I was reading recently that women are tired of being spoken to differently about finances – treated as if they are different from men. This is an important point. There is nothing that annoys me more than when an adviser starts talking to my husband about our investments and ignoring me.
But there is also the reality that finances affect women differently: we are the main caregivers, we live longer, and salary discrimination still exists. But there is also the psychological aspect of our upbringings and history of women and money.
I have a confession to make: despite being a financially independent woman contributing to our family finances, buying my own cars, and handling my own investments, there are days where I daydream about handing over all my financial worries to my husband – or just winning the lotto!
A woman’s unconscious need to be taken care of is not an uncommon fantasy – it is in fact one that many women live out every day. It is so common that American psychologist Colette Dowling described it as the “Cinderella Complex”, named after the fairy tale in which a poor, dirty orphan is miraculously turned into a princess when the handsome prince falls in love with her.
This idea of being taken care of was highlighted by a survey in the UK that asked men and women about their fantasy partner. The number one dream man for women was a fireman, followed by a soldier and then a businessman. We want someone who can carry us out of a burning building and protect us physically, but failing that, we want a man who can take care of us financially.
This need for financial protection is not unfounded. We know from South African salary surveys that women are paid on average 30% less than men. In some cases, it is for the same job, where executive pay comparisons show that women earn 28% less than men. The PWC Women in Work Index shows that even in OECD countries, women earn on average 16% less than men. So it’s no wonder we sometimes wish a man could come along and save us financially.

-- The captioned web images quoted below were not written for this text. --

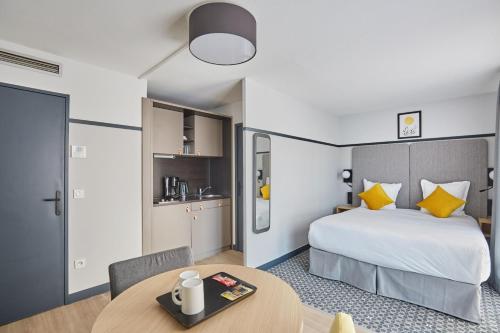 a hotel room with a bed and a table at Appart Hotel Odalys City Aix en Provence Les Floridianes in Aix-en-Provence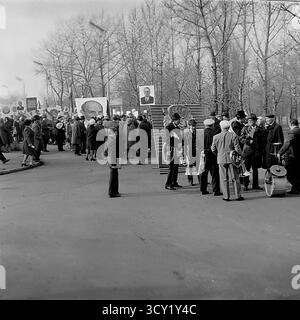 Una suggestiva foto d'archivio del 7 novembre 1974 cattura una dimostrazione su larga scala per l'anniversario della Rivoluzione d'ottobre a Sloviansk. Colonne di cittadini, comprese famiglie e una banda di ottoni, marciano attraverso le strade e la piazza centrali della città. Portano con orgoglio bandiere sovietiche, striscioni e grandi ritratti di Lenin e di altri leader politici. Questa immagine è un vivido documento di una grande festa di stato, che mostra lo spirito collettivo e la vita pubblica di un pacifico Donba prima della guerra Foto Stock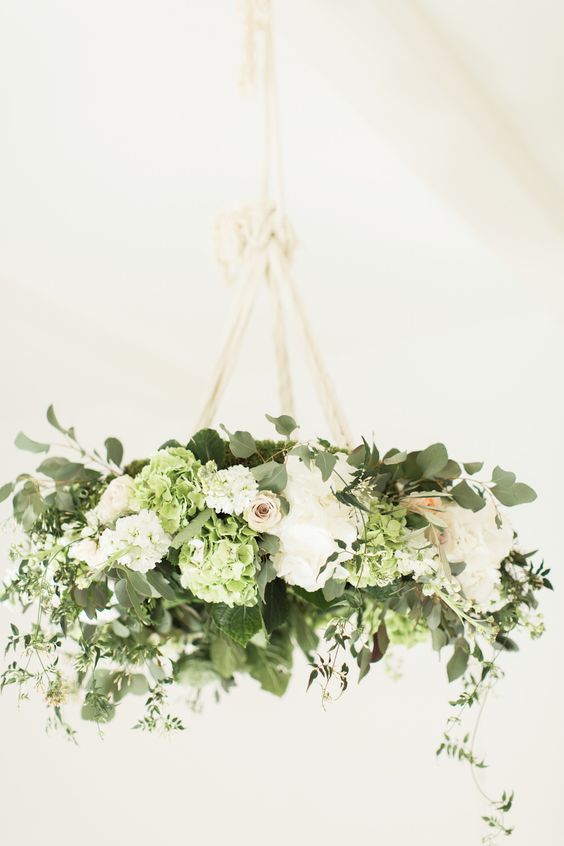 white flowers and greenery wedding chandelier via Katy Melling Photography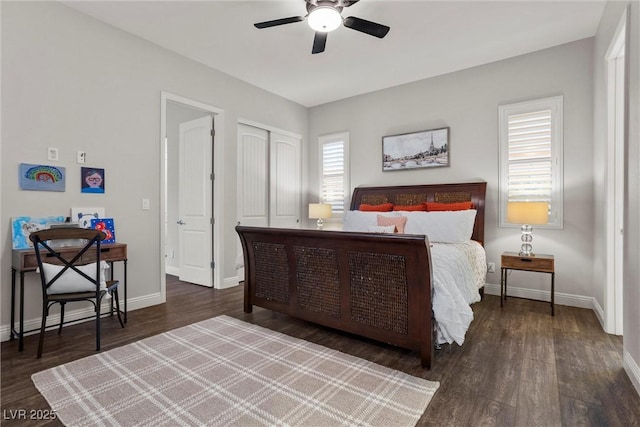 bedroom featuring wood finished floors, a closet, baseboards, and ceiling fan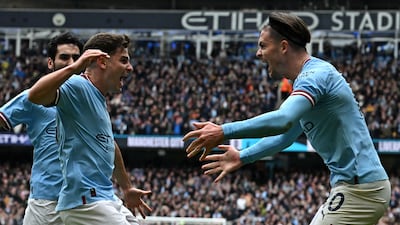 Manchester City's Julian Alvarez, left, celebrates with Jack Grealish after scoring. AFP
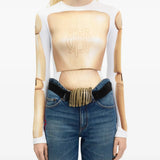 Tan top worn by a person, showing the top fit
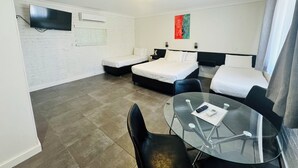 Ein Hotelzimmer mit zwei Betten, einem Fernseher, einem Glastisch und einem roten abstrakten Gemälde an der Wand.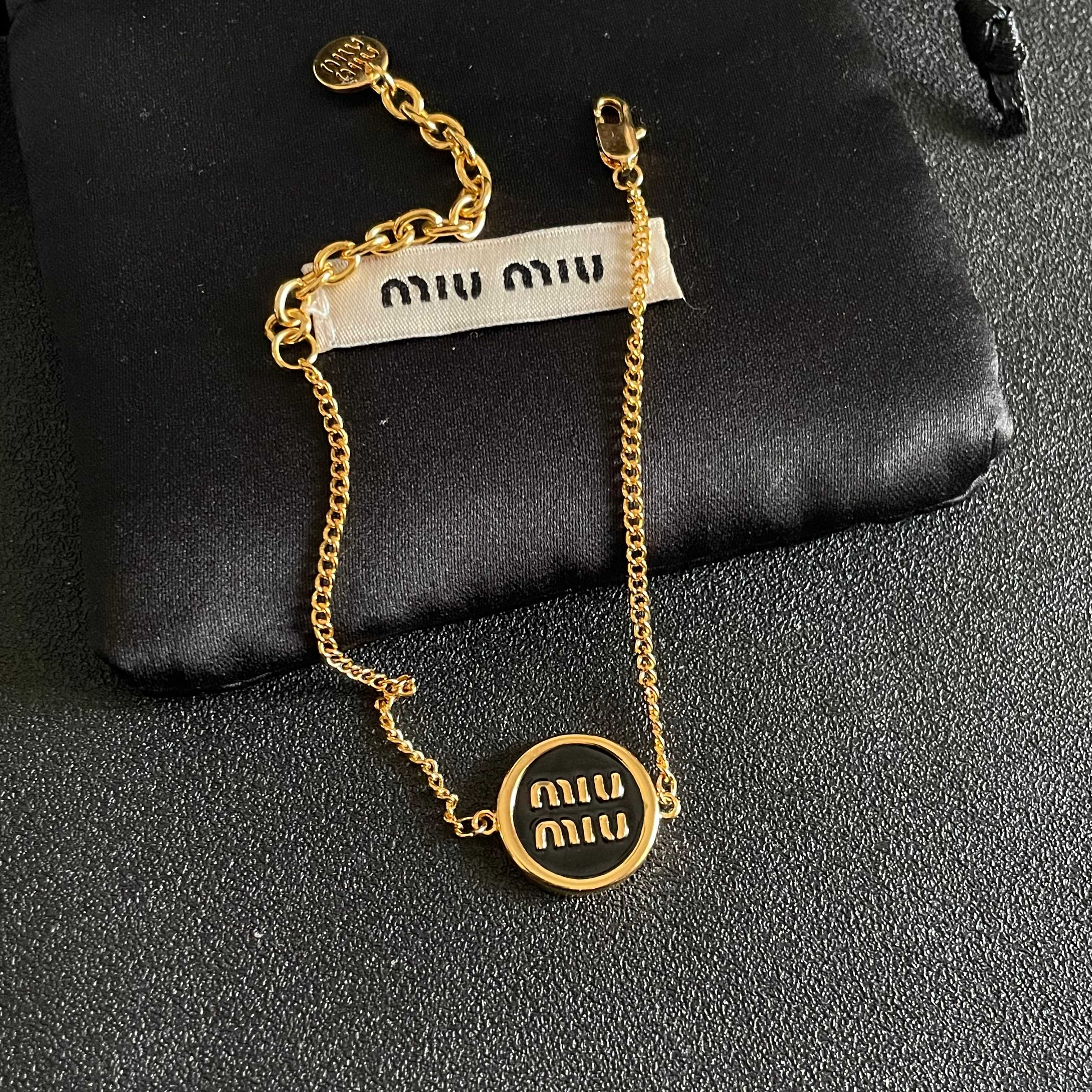 MIUMIU 26S LOGO ROUND BRACELET IN BLACK ENAMEL AND GOLD TONE METAL 631809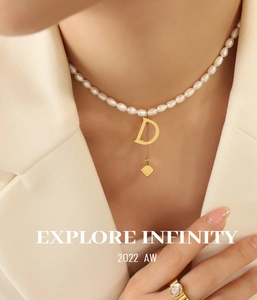 Detail of freshwater pearl necklace with gold letter D and square tassel pendant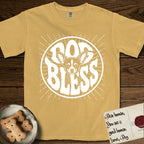Dog Bless Chihuahua T-Shirt flat lay in Mustard, featuring Retro bubble-letter badge reading DOG BLESS with a wide-eyed Chihuahua face framed in the letter O, oversized ears reaching past the letter, hand-drawn sunburst rays radiating outward.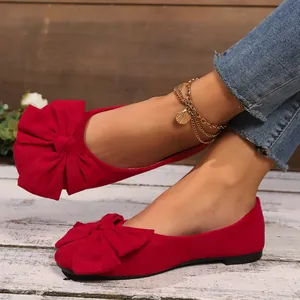 Primo piano dettagliato di ballerine in camoscio rosso con un grande fiocco chic.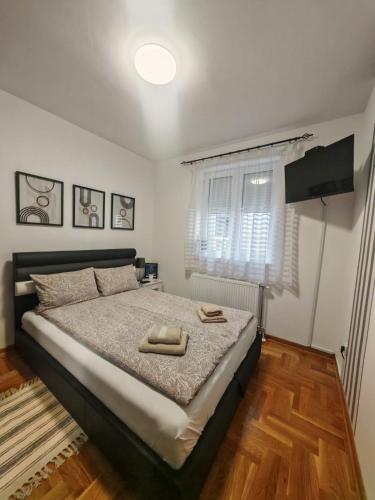 a bedroom with a bed with two towels on it at Apartman Harmonija Vrnjačka Banja in Vrnjačka Banja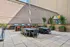 Modern outdoor patio featuring stylish dining tables, vibrant seating, and state-of-the-art grills, perfect for gatherings and relaxation.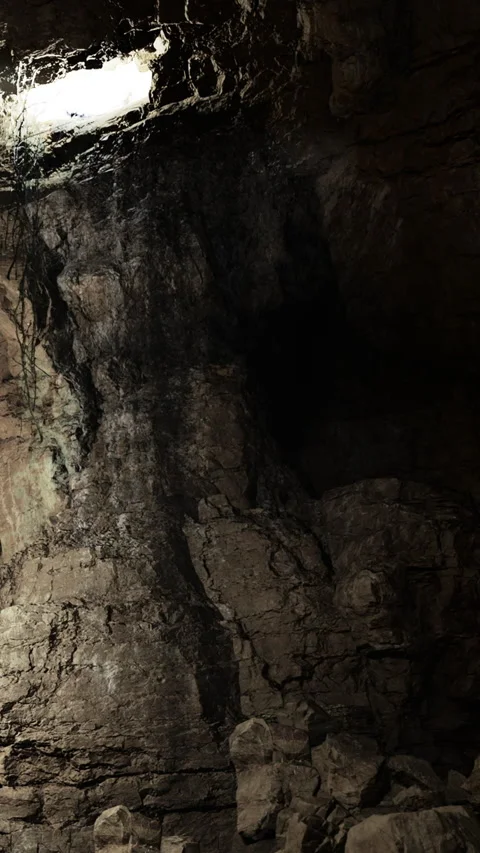 Rock formation inside a cave with light shining from an opening above Stock Footage 331748879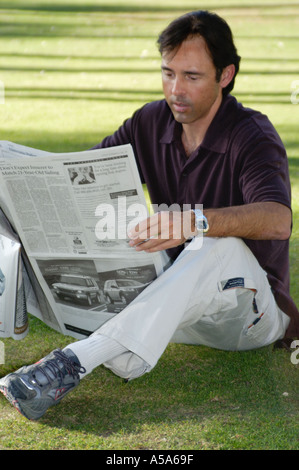 3120 Model released  Man reading newspaper Stock Photo
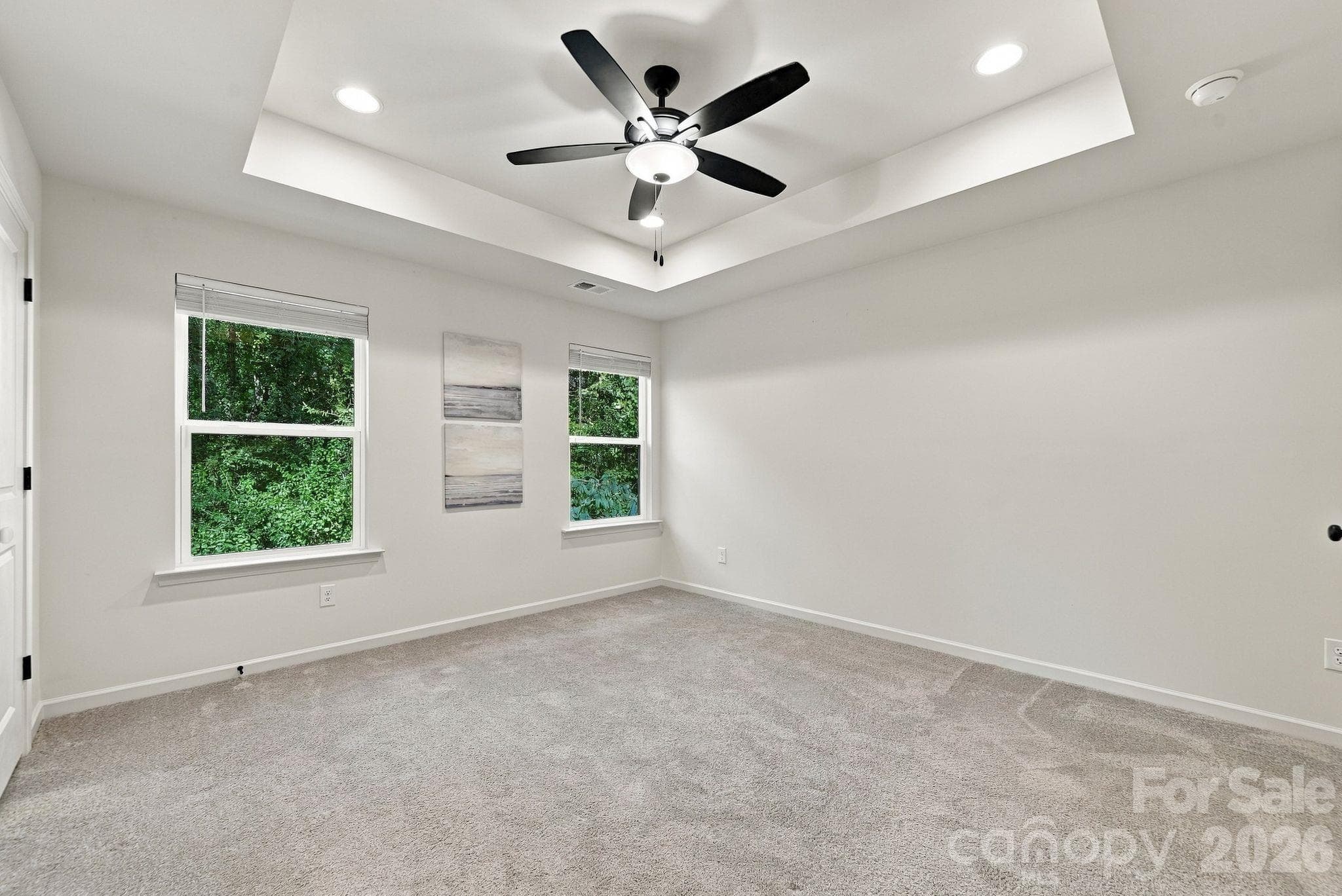 Primary bedroom with tray ceiling overlooks tree-lined yard for privacy - 4715 Crestmont Drive, Charlotte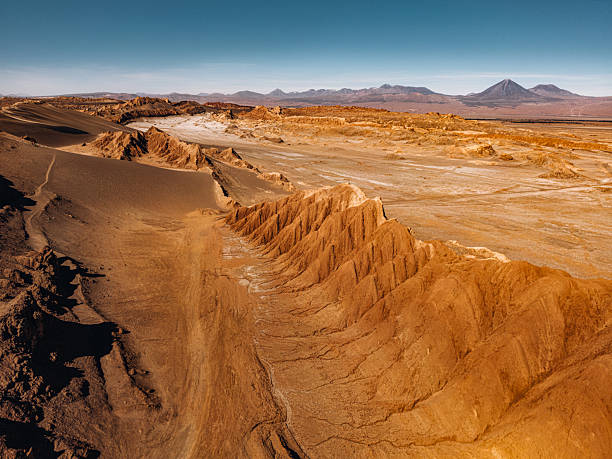 A wide, sunlit desert landscape in the Atacama of Chile features jagged dunes, rugged ridges, and distant volcanoes under a clear blue sky. Perfect for travel, nature, and geological themes.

But even if he does arrive on his white horse and pay all our bills, how long will that last? Today we live in a different world where we know that irrespective of our current circumstance, 80% of women will manage their own finances during their lifetime for various reasons: remaining single, getting divorced or being widowed.
In South Africa we have a really serious issue with the financial pressure on single mothers. The Old Mutual Savings and Investment Monitor survey, which only interviews working, urban mothers, found that around half of them were raising children on their own and only 12% received regular income from the father. We are not even factoring in unemployed or rural women in this figure.
The effect of divorce
Every year around 25 000 marriages in South Africa end in divorce, which equates to a divorce rate of over 50%. Interestingly, most divorces are initiated by women. Although we don’t have official statistics in South Africa, there are numerous studies in developed economies that show that a man’s income increases after divorce, while a woman’s income declines substantially.
This refers back to the earlier point of earning less. Apart from real pay discrimination, women also tend to work in caretaker roles such as teaching and nursing which are paid less, or they take on part-time work or a career that offers flexibility rather than a good salary in order to be the main caregiver for the family. The PWC survey found that in the 37 most developed economies in the world, women undertake 75% of childcare responsibilities.
This can make sense in the family construct – one parent will be the main caregiver and put the children first. It is challenging to create a dynamic where that is shared equally. While that is understandable, what is not OK is when the main caregiver, usually the mother, now feels she is not part of the decision-making process when it comes to the family assets, or even worse, she doesn’t ensure that there are assets to begin with!
The downside of being a stay-at-home mom
I can quote you so many stories where a woman chose to be a stay-at-home mom and keep the household going as her husband had a very high-powered job. Invariably these women lead a great lifestyle but the long hours at work do not lead to a happy marriage, and so often the result is divorce.
The divorce settlement is often a 50/50 split of assets which sounds fair, but the problem is that other than the house which was partly bonded, the only other asset is usually the husband’s pension. A high lifestyle doesn’t generate investable assets.
While the wife receives half the pension and half the equity in the house, it is barely enough to buy a home for her and her children, let alone provide a decent income. In most cases the ex-spouse is only required to pay the wife a rehabilitation income for two years. In those two years, it is extremely unlikely that the ex-wife will be able to build up a career to match the income of her ex-husband. He will continue to be able to afford his new life, but her lifestyle will be significantly changed. A woman whose career took a back seat will struggle to ever catch up on her husband’s earning capability and there is a good chance she will end up being more financially responsible for the children than she expects.
Even if you have the perfect marriage and never get divorced, statistically your husband is more likely to die before you. This is not a subject we like to talk about, but we cannot shy away from it as we need to ensure we are financially prepared for this reality.
The big-girl-panties talk
So, time for the big-girl-panties talk. Understand the importance of building up assets, especially if you are a stay-at-home mom or not the main breadwinner. Most marriage contracts are in community or property or ante-nuptial with accrual, so half of the marriage’s assets will belong to you.
Most married women run the household budget and therefore have a direct impact on what is spent and therefore what there is left to invest. Even rand spent is a rand not invested. If you control the day-to-day finances, why not take control of the investments as well? If you are not doing it already, start your own investments, get financial advice and start looking after yourself.